20行程度の文章さえ「長すぎる」と目を通さずにいられる大人がいるとは驚いた。webに文章を置いている書き手としては、読みやすくするためにフォントを固定せず行間も左右マージンも適度に取ったうえで、こういう人に対してはなすすべがない。

どんな内容でも短く書けるかといえばそんなことはない。複雑な内容を伝えるにはそれなりの分量が必要だ。目的地まで直線距離という場合ばかりではない。曲がり角の数だけ、目印の特徴とインターバルの説明が必要になる。言いたいことを書くためにどうしても書き手が削れない限界というものがある。

簡潔すぎても読み手に理解されないということも起こりうる。同じことを別の言葉でくりかえしてあったおかげで、甲の箇所では判然としなかった内容が乙の説明で腑に落ちたという場合もある。見落とされたくないこと、多くの人に確実に理解して欲しい内容はあえて冗長に書かれている場合もある。

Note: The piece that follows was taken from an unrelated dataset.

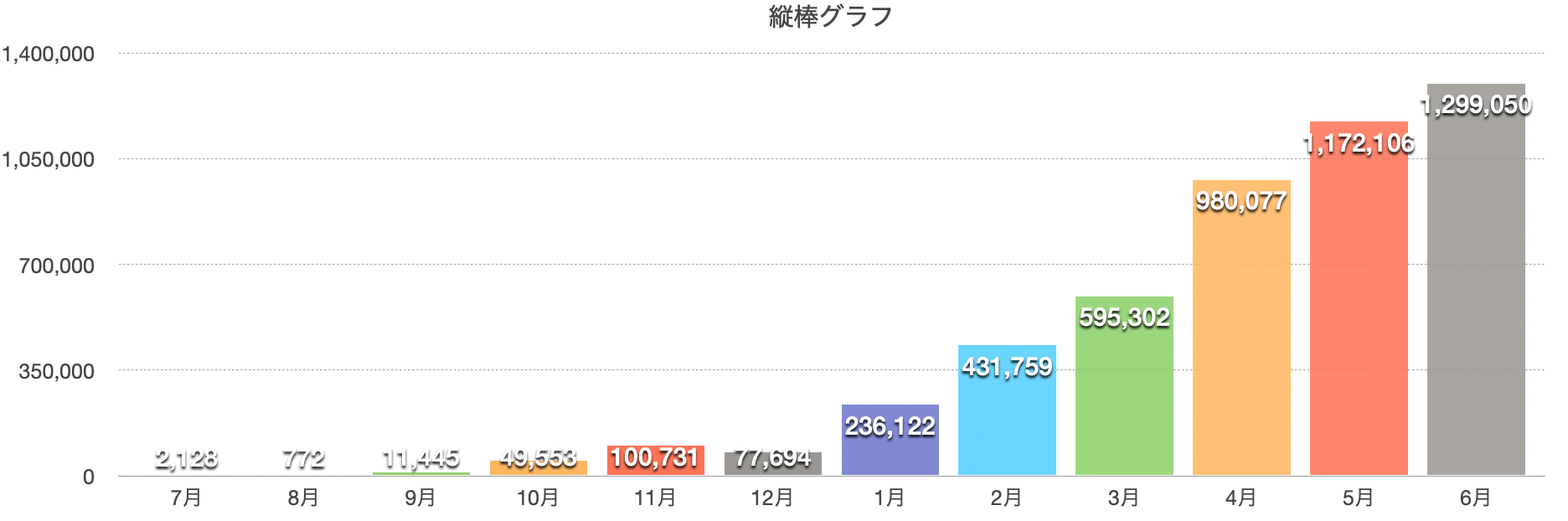 オウンドメディア報酬推移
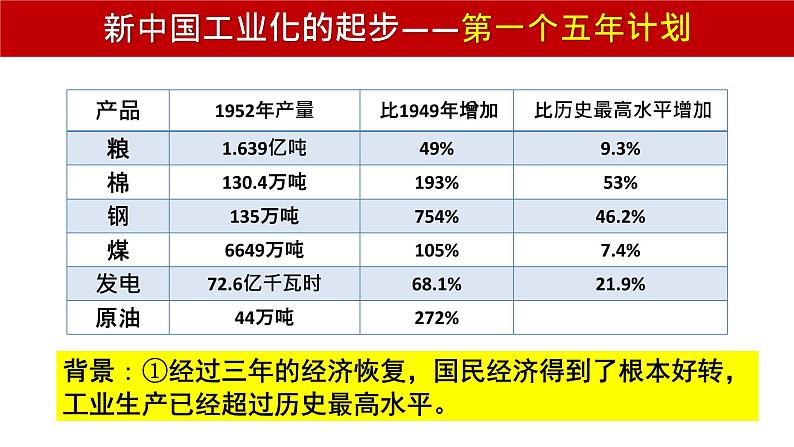 2020——2021学年部编版八年级历史下册第二单元第4课新中国工业化的起步和人民代表大会制度的确立PPT课件第3页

「わからない」と当方に訴えかけながら「自分にわかるように説明しろ」と注文をつけられても困る。返信から察するに、直前に送ったメールを読んでいないか、読んだとしても既に理解できていないのは明らかだ。「あなたにわかるように説明することは不可能だ」と心の中でそっと思う。

本を読む習慣のない人、何か書くときに手元に辞書がなくても平気な人というのが存在するということは知っていたが、その人たちに文字がどのような心象に映っているか、私には想像できない。

自分にとってそれが読む価値のある文章かどうか、読み通さずに判断できるようになるまでにはやはり、経験がものを言うのだろう。若いうちは目に入ったものはどんどん読んで文章を解読する力をつける時期だと思う。最後まで読んではじめて「つまらなかった」「既に知っていることばかりで、読む価値は無かった」と感じるくらいでちょうど良い。大人になると時間が足りなくなるので、暇つぶしに読むための文字を探す余裕はなくなる。学校を卒業した大人でなお、この程度の文章を読み通せないようではその人が困るであろう、周囲の人は言うまでもなく。

読んで合わないと思ったら黙って立ち去って欲しい。私にメールを出しても、得るところはないと思います、お互いに。